*Your goal:*
Working from the data below, write out exactly the lines from its first through the line that contains "3a89688ca58dfe56970e36bfd4c4f18d 1 - Физраствор", both ends included and pictures omitted.

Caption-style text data
----------

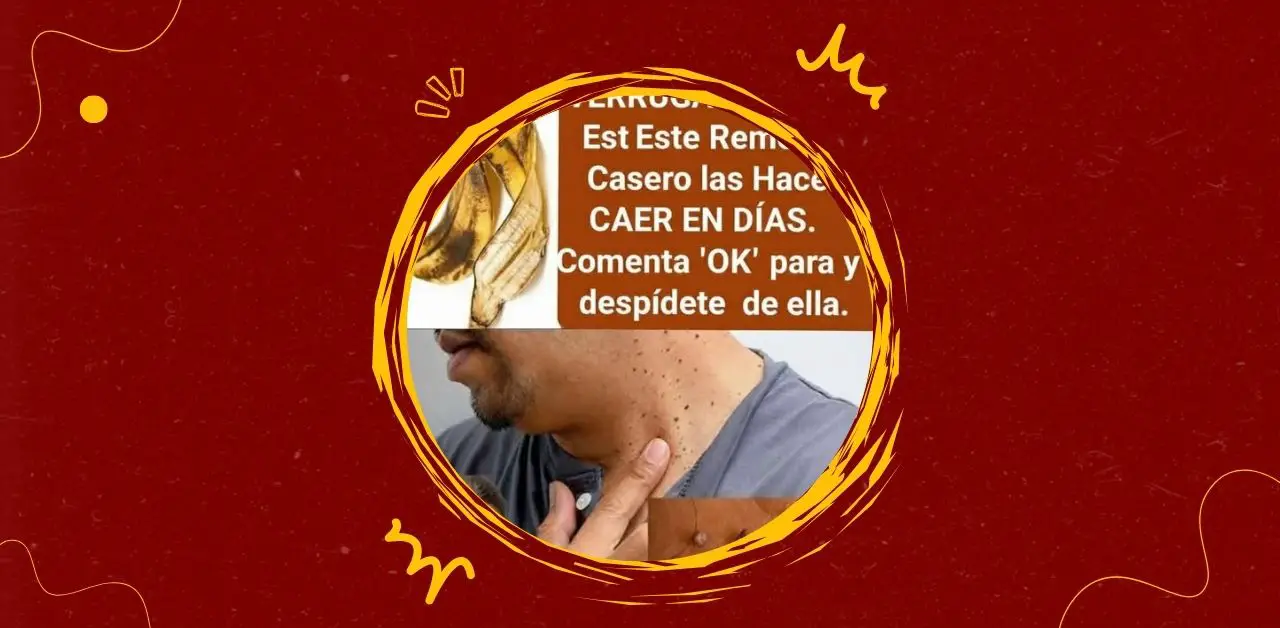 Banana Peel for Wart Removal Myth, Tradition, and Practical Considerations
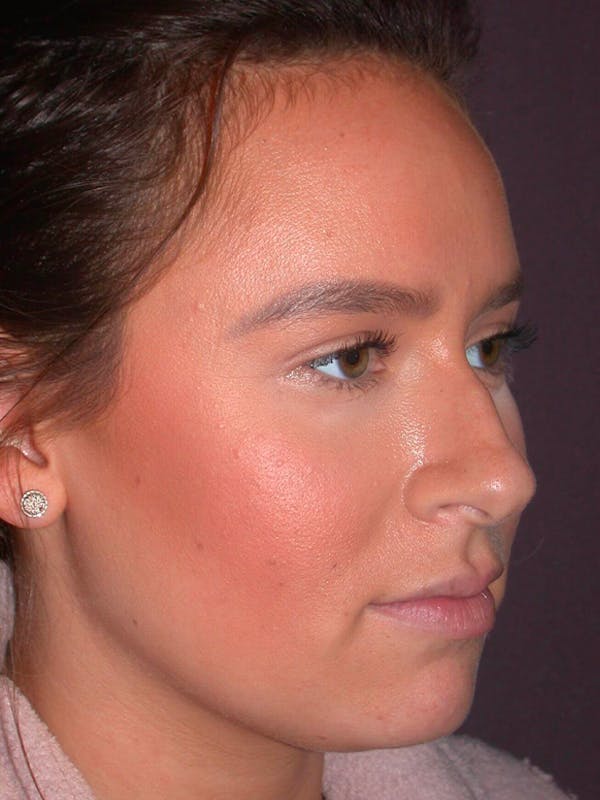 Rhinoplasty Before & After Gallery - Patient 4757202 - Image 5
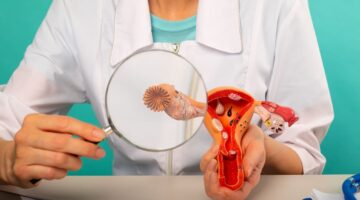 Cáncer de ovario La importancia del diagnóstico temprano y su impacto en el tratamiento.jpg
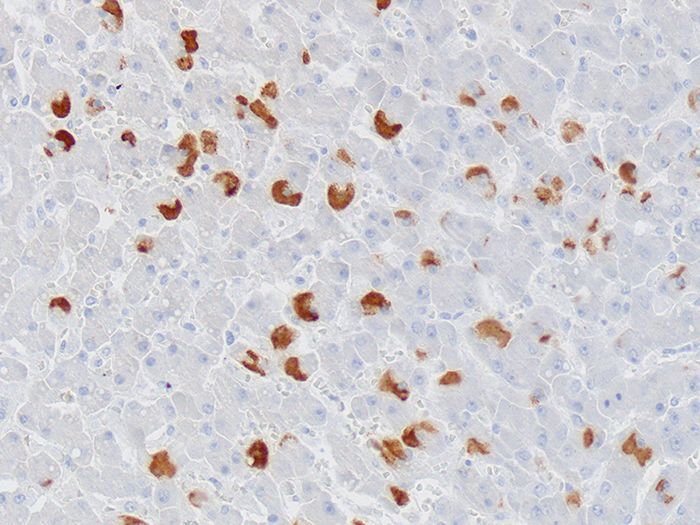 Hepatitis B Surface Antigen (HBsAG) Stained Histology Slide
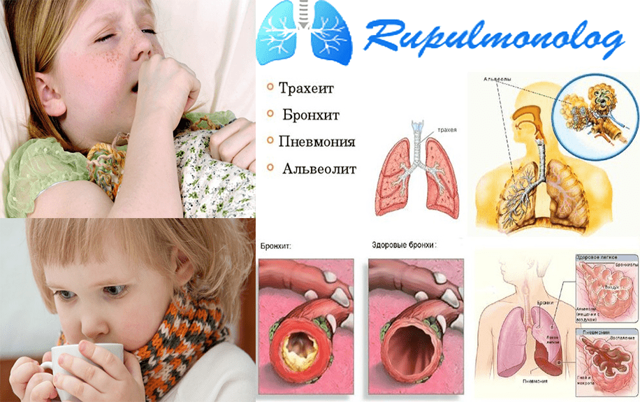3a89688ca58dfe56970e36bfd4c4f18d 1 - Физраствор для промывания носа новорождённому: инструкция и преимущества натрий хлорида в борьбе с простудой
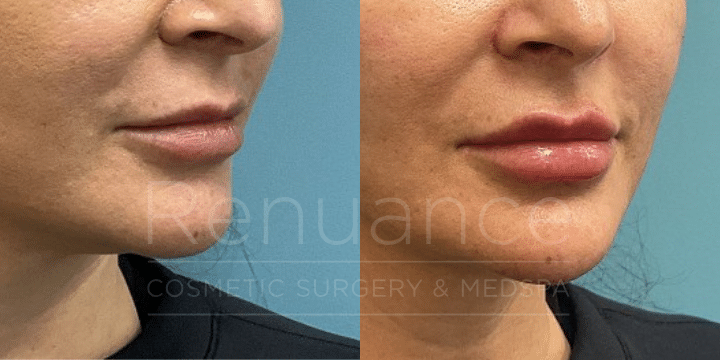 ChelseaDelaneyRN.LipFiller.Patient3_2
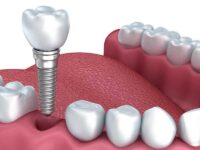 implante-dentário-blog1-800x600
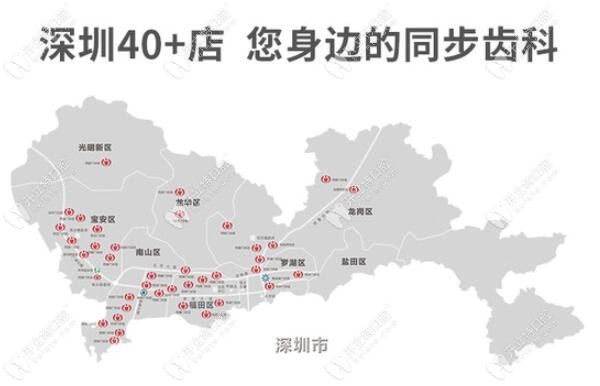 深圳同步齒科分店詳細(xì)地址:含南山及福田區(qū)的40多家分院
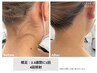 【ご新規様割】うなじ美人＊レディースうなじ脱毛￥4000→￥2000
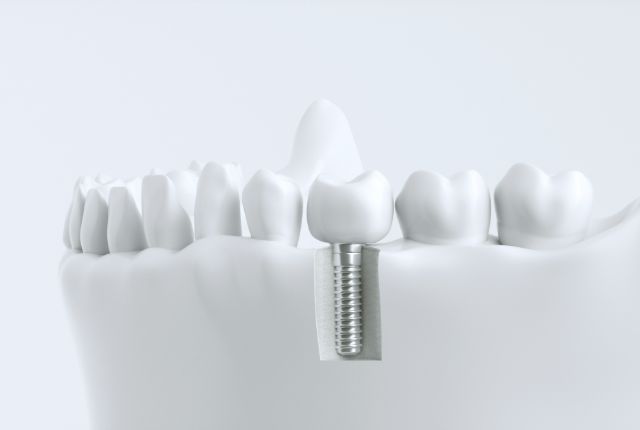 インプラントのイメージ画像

----------

*Answer box:*
 Banana Peel for Wart Removal Myth, Tradition, and Practical Considerations
 Rhinoplasty Before & After Gallery - Patient 4757202 - Image 5
 Cáncer de ovario La importancia del diagnóstico temprano y su impacto en el tratamiento.jpg
 Hepatitis B Surface Antigen (HBsAG) Stained Histology Slide
3a89688ca58dfe56970e36bfd4c4f18d 1 - Физраствор для промывания носа новорождённому: инструкция и преимущества натрий хлорида в борьбе с простудой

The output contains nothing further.